Assim, os objectivos desta presidência são particularmente poéticos como o «dar uma dose de vitaminas à Europa» ou «salvá-la em Viena».
A crise de identidade dos europeus é preocupante e, assim, o grande objectivo é aproximá-los de novo da Europa e restituir-lhes a confiança no projecto comunitário. Tarefa magna para seis meses apenas, convenha-se!
Contudo, os austríacos são conhecidos como um povo de grandes diplomatas e nesta perspectiva, vão usar a sua zona de conforto, ou seja, a mediação com o mundo muçulmano, com os novos Estados-membros e os países candidatos com que detêm relações privilegiadas.
Pretendem, mesmo, nesta matéria, tornar-se o país líder na Europa Central e de Sudoeste.
É certo que a Áustria na última presidência inglesa quase impediu a abertura de negociações com a Turquia, tendo conseguido como moeda de troca impor o reconhecimento da Croácia como país candidato à adesão. Contudo, as relações privilegiadas com os Balcãs e o mundo muçulmano faz com que os 200.000 turcos que vivem na Áustria estejam bem integrados e o Islão seja uma religião oficialmente reconhecida desde 1912.
É evidente que também existem objectivos económicos. Seria impossível de outro modo, dado que a Europa nasceu deles e com eles, os quais se encontram numa crise sem precedentes.
Nesta máteria Schüssel propõe aos seus parceiros que invistam, pelo menos cinco por centro do seu produto interno bruto em políticas de investigação que favoreçam o crescimento e o emprego.
A controversa directiva Bolkenstein é retomada com nuances ao propor-se evitar o dumping social, sem querer fazer «renascer o monstro de Frankestein».
Outra prioridade desta presidência é a questão institucional, intimamente ligada ao destino do Tratado Constitucional.

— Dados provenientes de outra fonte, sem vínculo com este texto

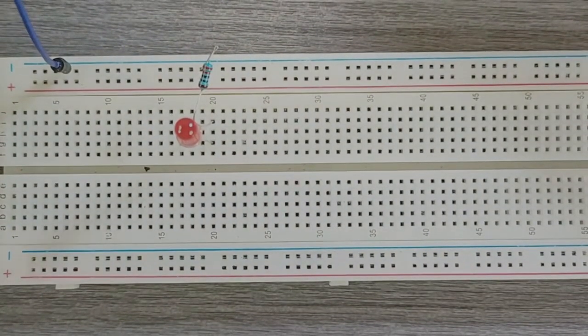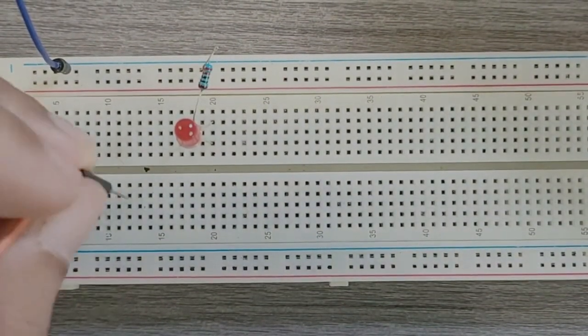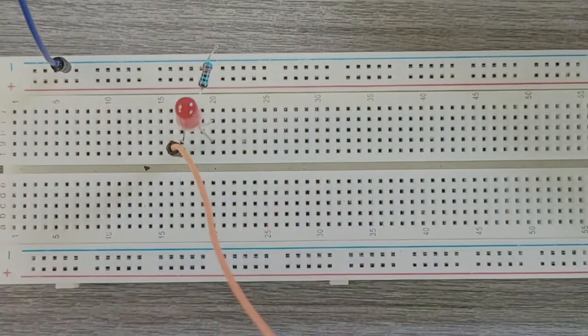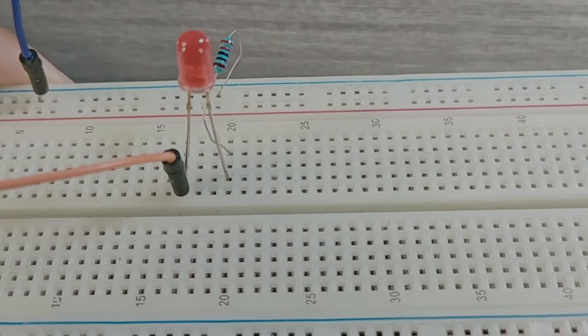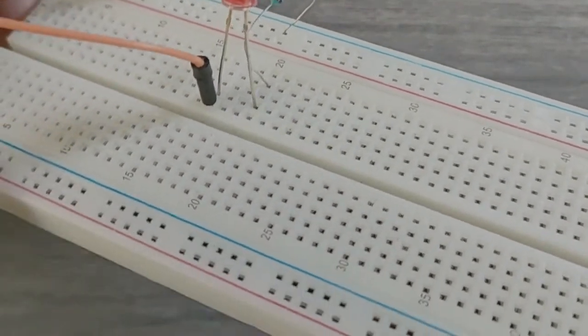Note that exact configurations might vary from breadboard to breadboard. For example, some breadboards have labels printed in landscape orientation instead of portrait orientation. Most mini breadboards do not have power rails or labels printed on them at all.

Já se percebeu que uma Europa alargada tem que reformar o seu sistema de funcionamento e de deliberação sob pena de paralisia.
Até para se poderem relançar outras políticas de segurança e defesa, de combate ao terrorismo e ao crime organizado, sempre presente, qual espada de Demócles, nos Estados da União.
Porém, desafios maiores como a Europa face à mundialização, ou, mais internamente, como emagrecer um orçamento comunitário obeso de Política Agrícola Comum, são discussões que têm que passar pela resolução da questão institucional, e fundamentalmente pela participação dos cidadãos europeus.
Pôr a questão comunitária no coração dos cidadãos é um objectivo tão difícil, quão magnânimo, absolutamente digno do 250º aniversário do nascimento de Mozart que se comemora este ano.
Contudo, uma bela sinfonia carece sempre de um bom maestro. Votos para que o espírito de tantos génios e melómanos inspirem, a bem do projecto europeu, todos os desideratos desta presidência austríaca.